[WHAT TO DO] No pictures go in the copy. Restate, word for word, each line from the one containing "3N1AB8CV4LY249354 2020 NISSAN" through the last line below.

[INPUT DATA]

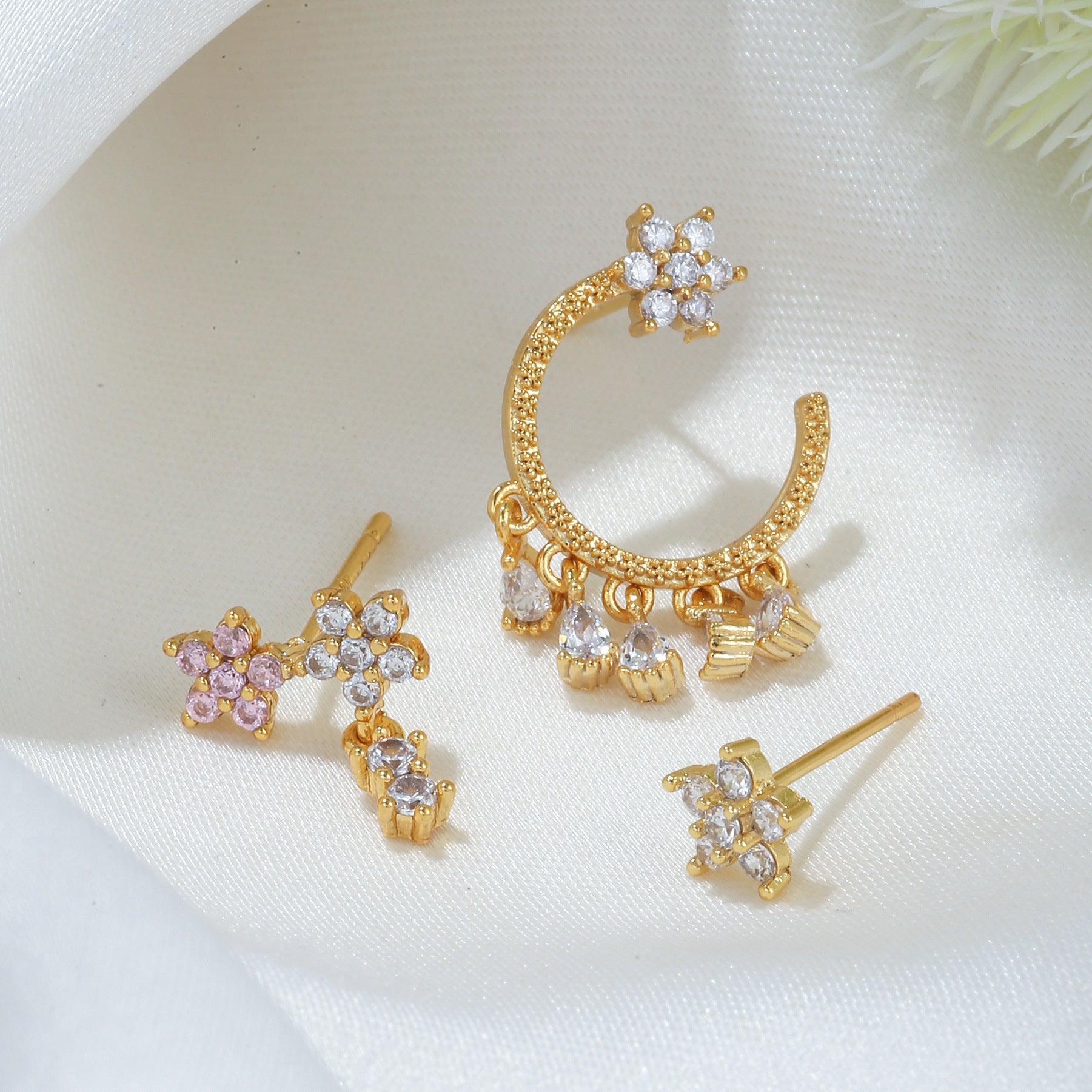 Trendy Earrings Set Zircon Temperament - MAXIME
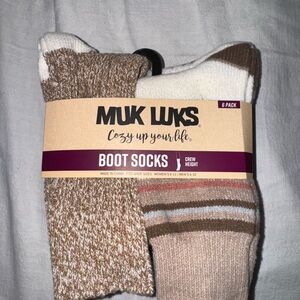 Muk Luks Casual Socks Brown and Cream Cozy Comfort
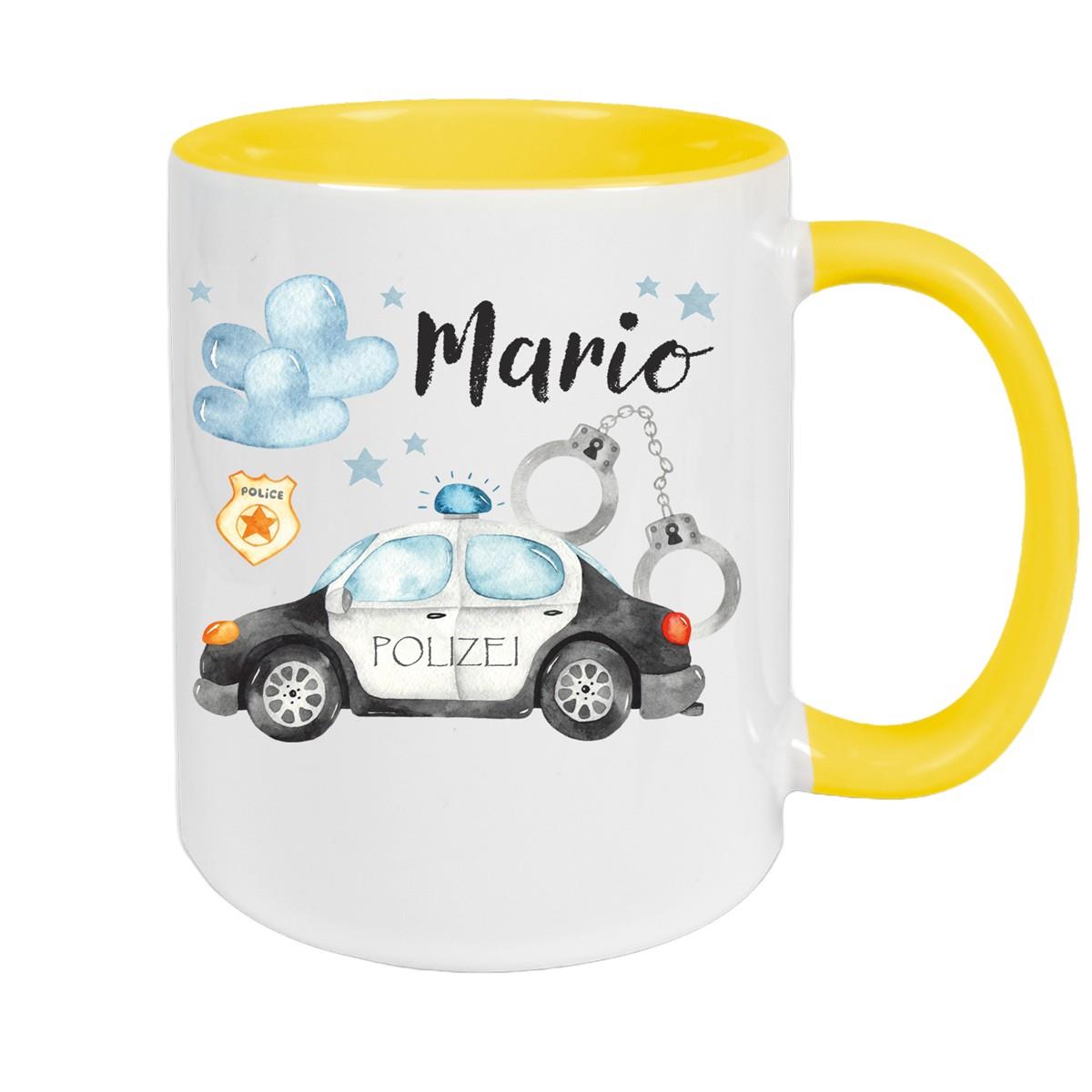 Tasse Polizei 1 Wunschname Keramik Kinderbecher personalisiert versch. Farben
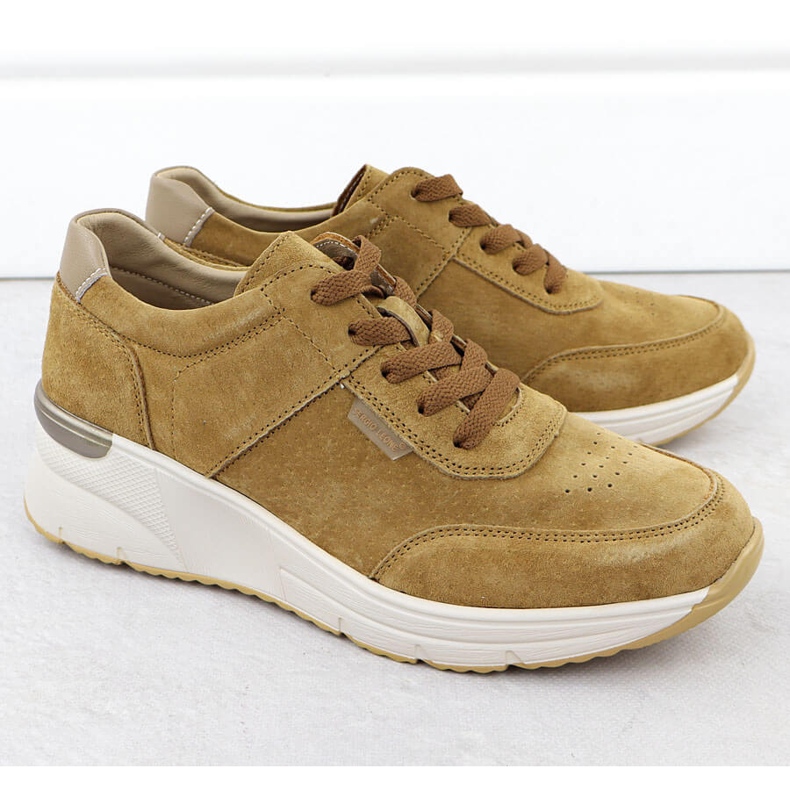 Sneaker in pelle sui zeppe Camel Sergio Leone SP104 beige 2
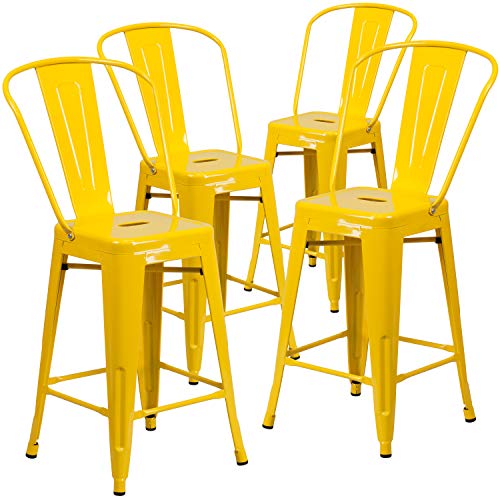  Flash Furniture مقعد تجاري من الدرجة الرابعة مقاس 24 قدمًا من المعدن الأصفر عالي الارتفاع للاستخدام الداخلي والخارجي...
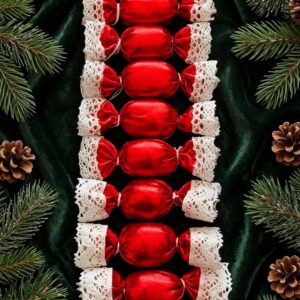 Piros lamé textil szaloncukor – 8 db díszdobozban, karácsonyfadísz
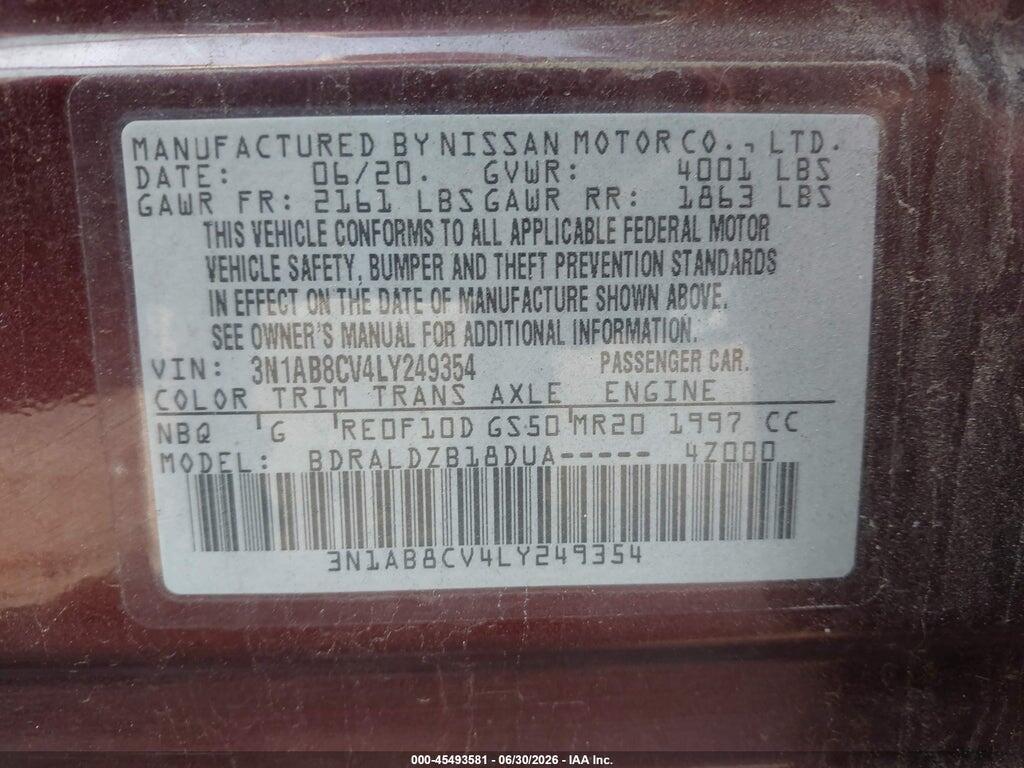 3N1AB8CV4LY249354 2020 NISSAN SENTRA photo no. 9
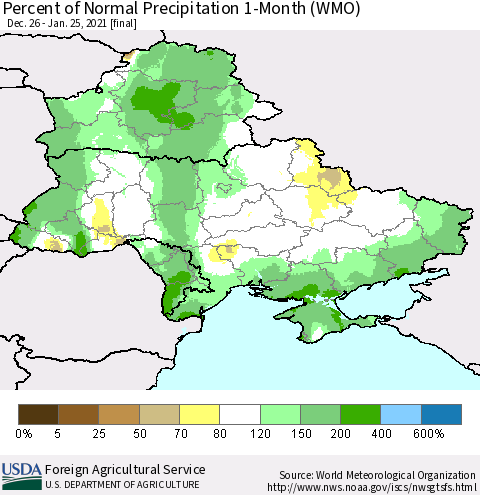 Ukraine, Moldova and Belarus Percent of Normal Precipitation 1-Month (WMO) Thematic Map For 12/26/2020 - 1/25/2021
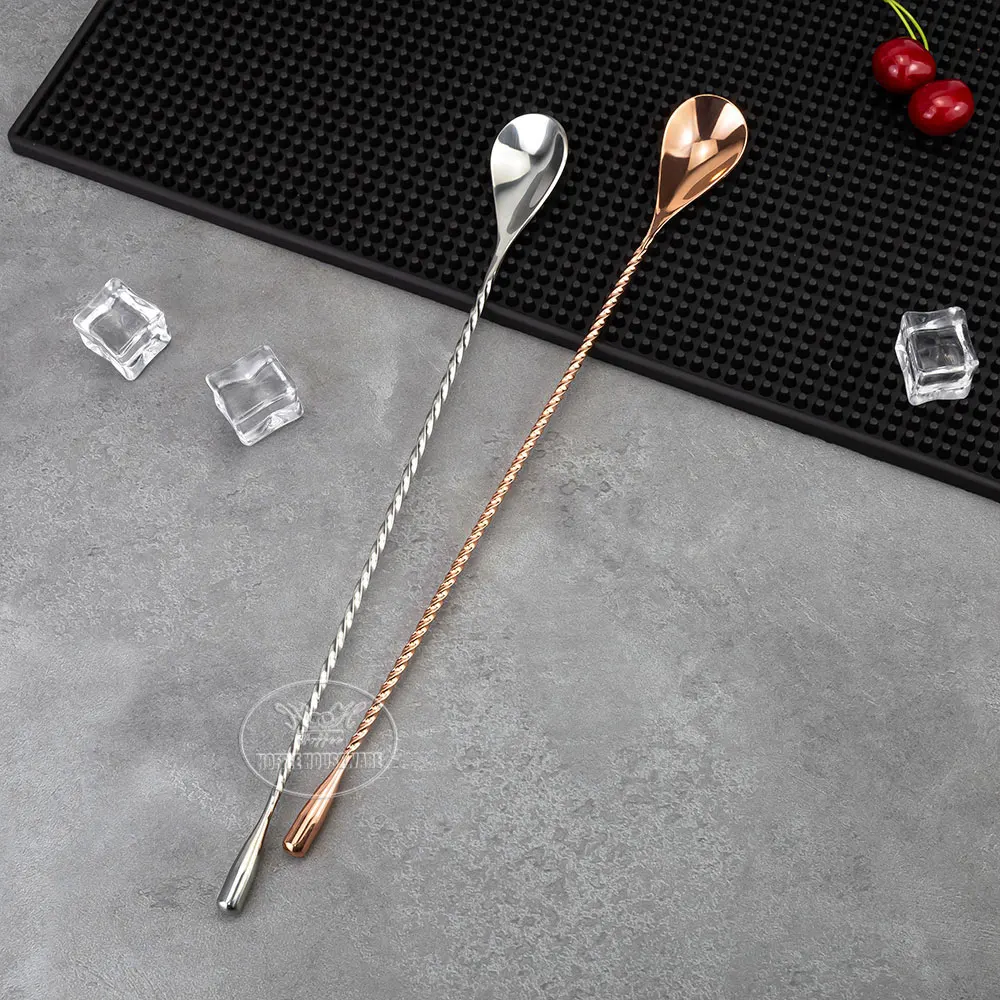 Custom Factory OEM 30 40 50cm Stainless Steel Cocktail Wine Mixing Spoon Long for Ice Cubes Mixer Teardrop Twisted Bar Spoons
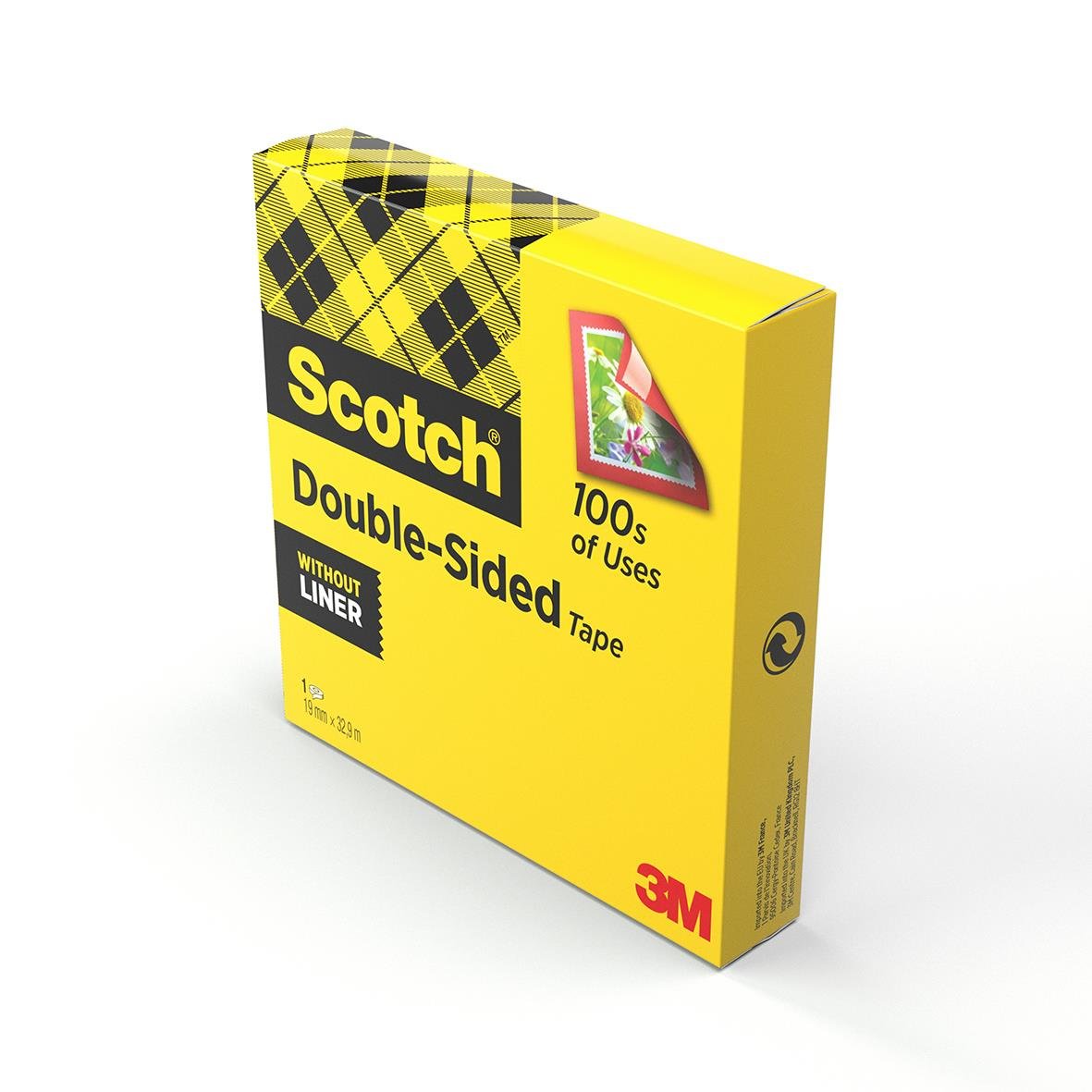 Gul och svart Scotch dubbelhäftande tejp 19mm x 33m i förpackning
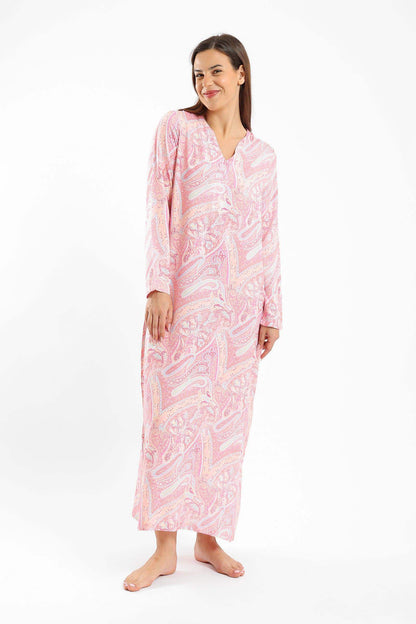 Printed V-Neck Maxi Nightgown - Carina - ÙƒØ§Ø±ÙŠÙ†Ø§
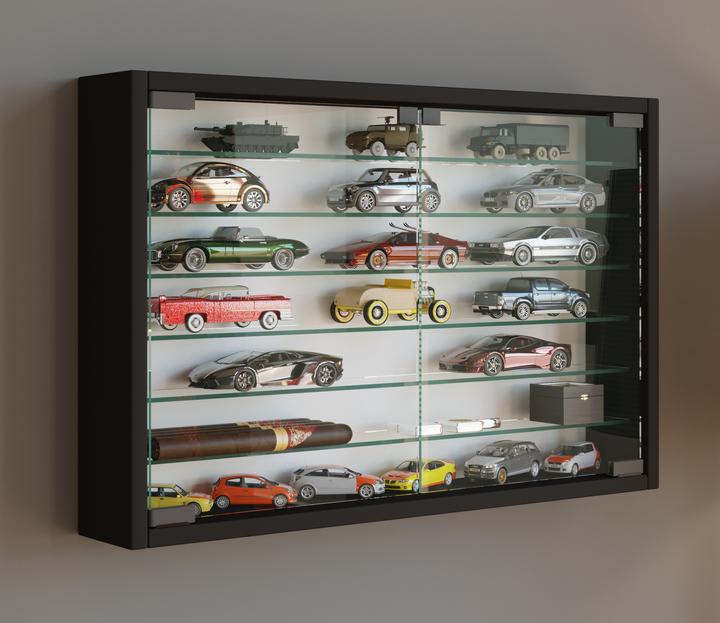 Image du produit VCM Bois verre suspendu vitrine murale vitrine collectionneur vitrine Mandosa XL (60 x 10 x 40 cm)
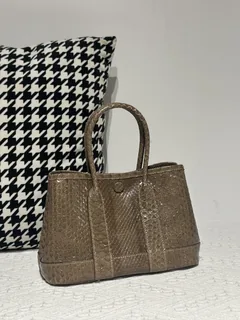 Python Leather 23cm Silver Hardware Garden Tote Bag WPB009 image 2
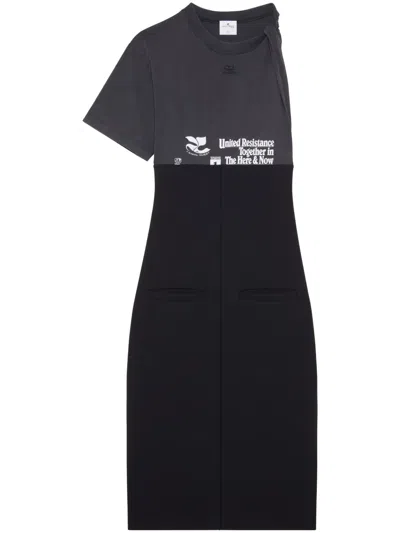 Courrèges Logo-print Panelled Midi Dress In Black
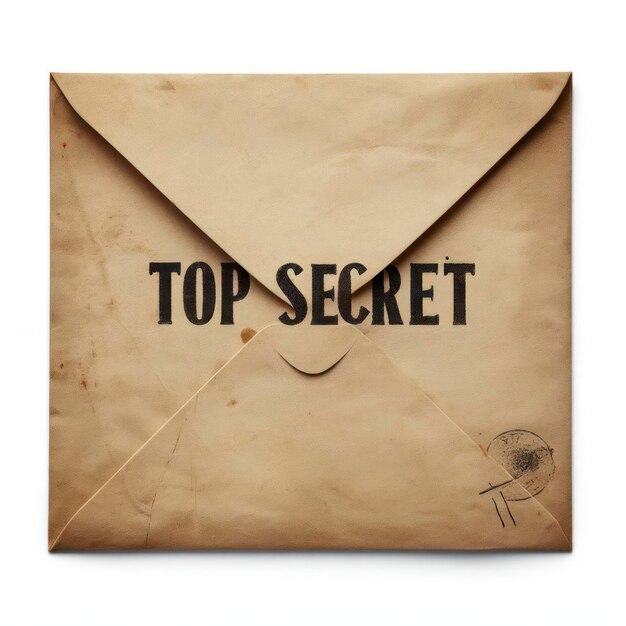 Envelope antigo com a inscrição Top Secret em fundo branco ai generativo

[RESPONSE TO THIS EXERCISE]
 3N1AB8CV4LY249354 2020 NISSAN SENTRA photo no. 9
 Ukraine, Moldova and Belarus Percent of Normal Precipitation 1-Month (WMO) Thematic Map For 12/26/2020 - 1/25/2021
 Custom Factory OEM 30 40 50cm Stainless Steel Cocktail Wine Mixing Spoon Long for Ice Cubes Mixer Teardrop Twisted Bar Spoons
 Gul och svart Scotch dubbelhäftande tejp 19mm x 33m i förpackning
 Printed V-Neck Maxi Nightgown - Carina - ÙƒØ§Ø±ÙŠÙ†Ø§
 Image du produit VCM Bois verre suspendu vitrine murale vitrine collectionneur vitrine Mandosa XL (60 x 10 x 40 cm)
 Python Leather 23cm Silver Hardware Garden Tote Bag WPB009 image 2
 Courrèges Logo-print Panelled Midi Dress In Black
 Envelope antigo com a inscrição Top Secret em fundo branco ai generativo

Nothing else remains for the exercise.